An anonymous reader writes: On February 20th, a hacker working under the handle 'Peace' took control of the website of Linux Mint, a popular Linux distribution derived from Ubuntu (and Debian) targeted toward non-technical users and power users unhappy with modern desktop environments. While these attacks are regrettable, and part of an infrastructure problem rather than a problem with the distribution itself, it increasingly appears that the Linux Mint team is spread too thin when it comes to security. The distribution itself blacklists updates that work perfectly in Ubuntu and Debian, and the graphical utilities don't update the kernel. Because the value added by Linux Mint is in Cinnamon, why do the developers need to distribute a broken version of Ubuntu when the Cinnamon DE could be distributed as an Ubuntu spin?

2 of 254 comments (clear)

  1. Well for one thing... by shellster_dude · · Score: 5, Informative

    Linux Mint isn't just Ubuntu. They also provide Linux Mint Debian Edition, which is far superior, IMHO.

  2. Linux Mint just works. by Anonymous Coward · · Score: 5, Informative

    That's the value for me, it works out of the box for all the hardware I've used it on so far. Unlike Ubuntu which has issues of it's own lately for me. Before the hack hit I had Mint installed on an MSI laptop with and Nvidia card and the thing fired up out of the box with no issues. Only thing I had to do was turn off that secure boot garbage in the bios which was easy.

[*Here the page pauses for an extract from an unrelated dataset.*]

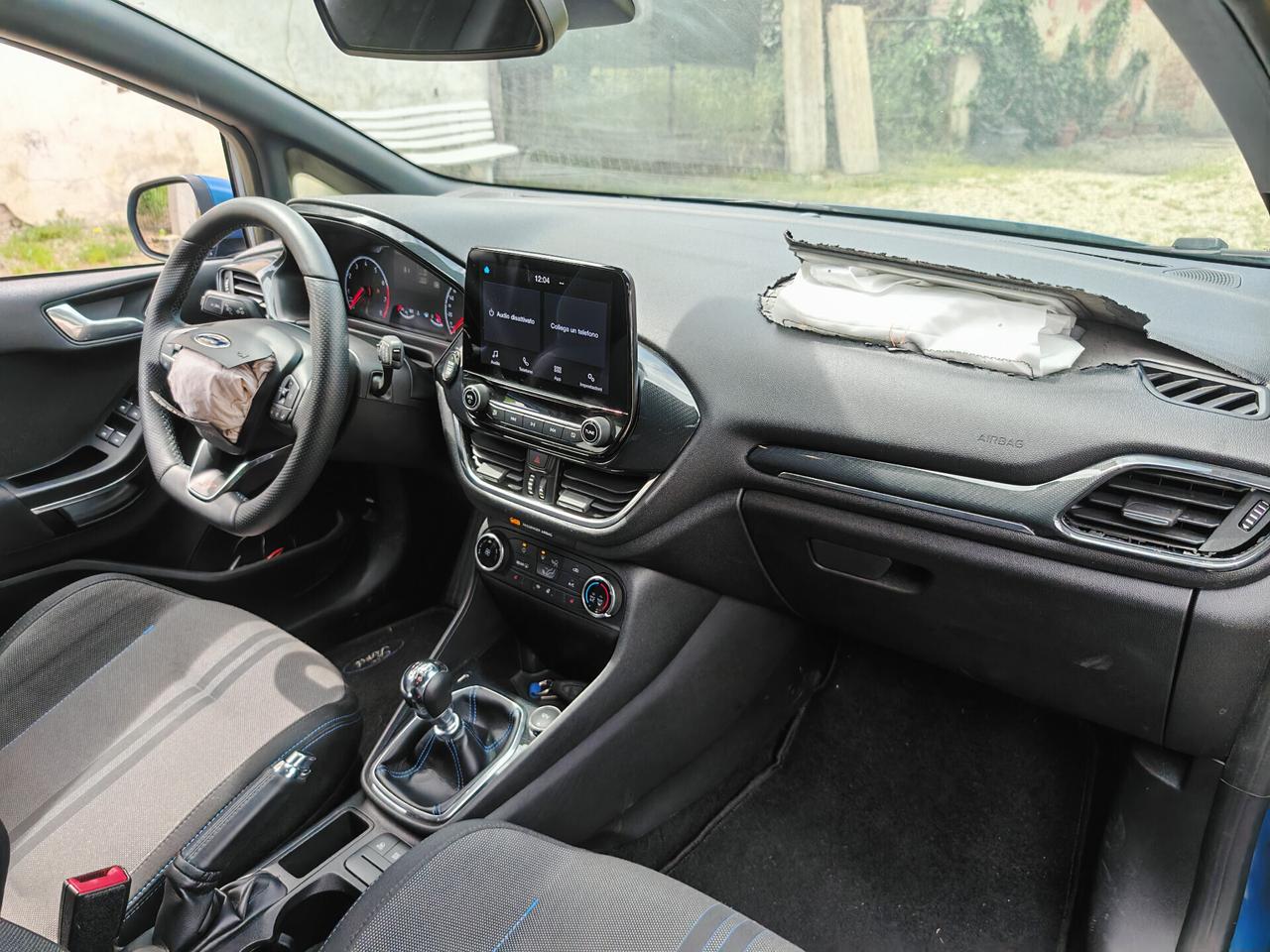 Ford Fiesta 1.5 Ecoboost 200 CV 5 porte ST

    Maybe Mint isn't the ideal distribution for people and maybe it could be done better. Still it's doing things right enough for me to use it and run Steam on it with no issues for all the games that provide native Linux ports. Could Ubuntu do it? Maybe but I hate Unity and Gnome 3. I also don't want one of the side distributions because unlike Mint I feel like they're treated as second class from the main one.